Data excerpt:
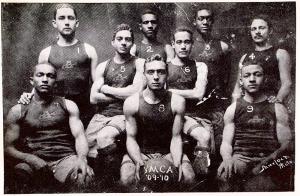 B X W old photo of 9-member basketball team with all members wearing sleeveless tanks and shorts; man at center holding basketball identifying them as members of 1909-10 YMCA team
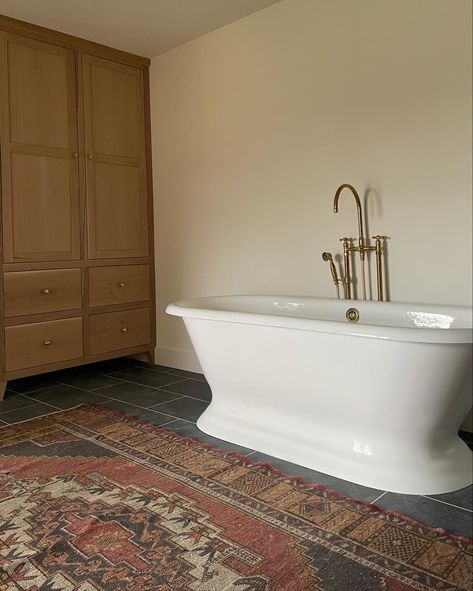 freestanding bath tub, bathroom renovation, custom cabinets, stone floor, vintage rug Porcelain Tile Bathroom, Pedestal Tub, Atlas Concorde, Primary Bath, Bath Renovation, Primary Bathroom, Bath Sinks, Stone Look Tile, Love And Co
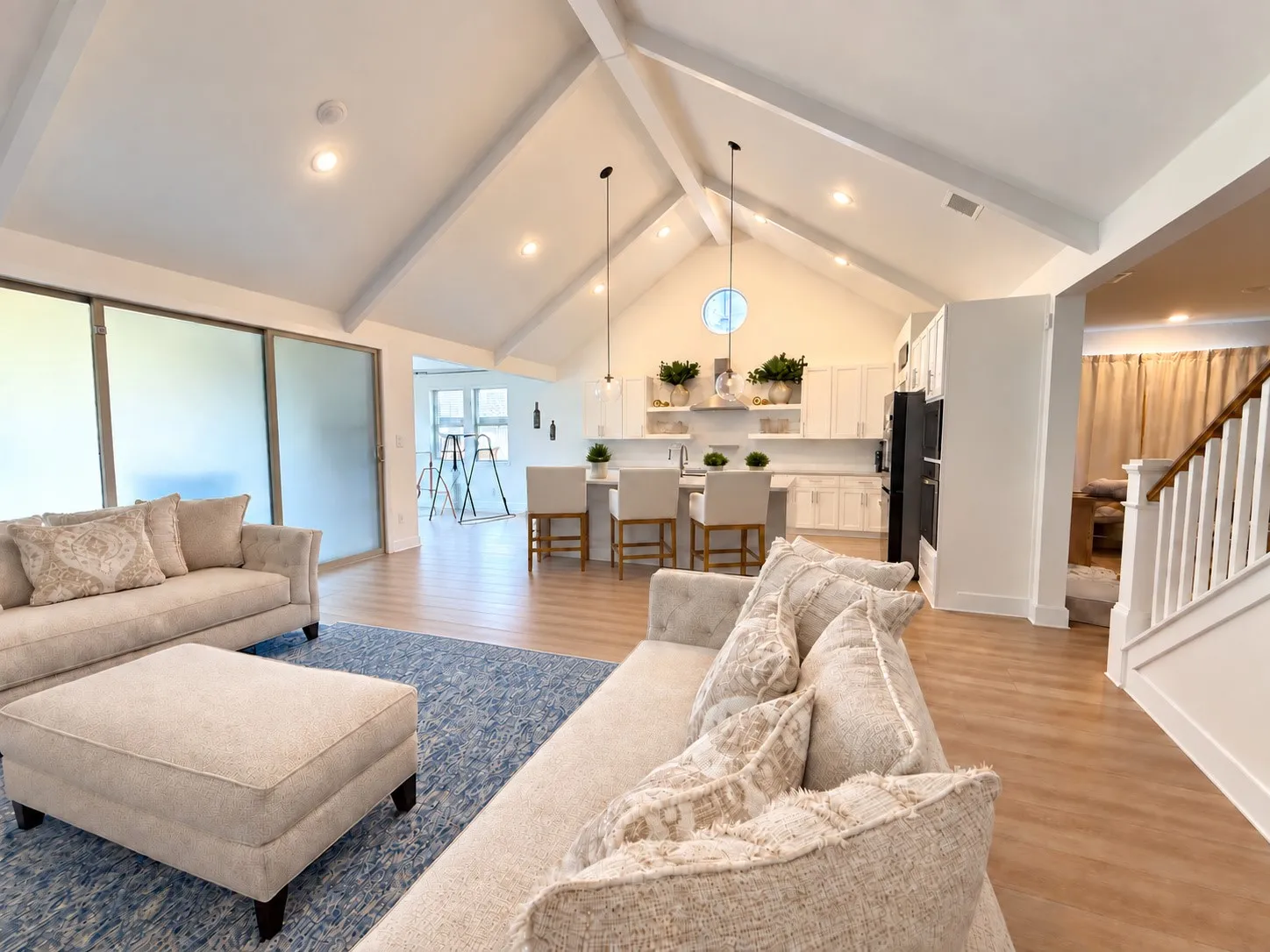 Vaulted ceilings with exposed beams, wood-finish flooring, white kitchen cabinetry, a kitchen island with seating, and a modern appliance suite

The problem: The reply must hold every line above exactly as written and none of the pictures.

Solution to this exercise:
 B X W old photo of 9-member basketball team with all members wearing sleeveless tanks and shorts; man at center holding basketball identifying them as members of 1909-10 YMCA team
 freestanding bath tub, bathroom renovation, custom cabinets, stone floor, vintage rug Porcelain Tile Bathroom, Pedestal Tub, Atlas Concorde, Primary Bath, Bath Renovation, Primary Bathroom, Bath Sinks, Stone Look Tile, Love And Co
 Vaulted ceilings with exposed beams, wood-finish flooring, white kitchen cabinetry, a kitchen island with seating, and a modern appliance suite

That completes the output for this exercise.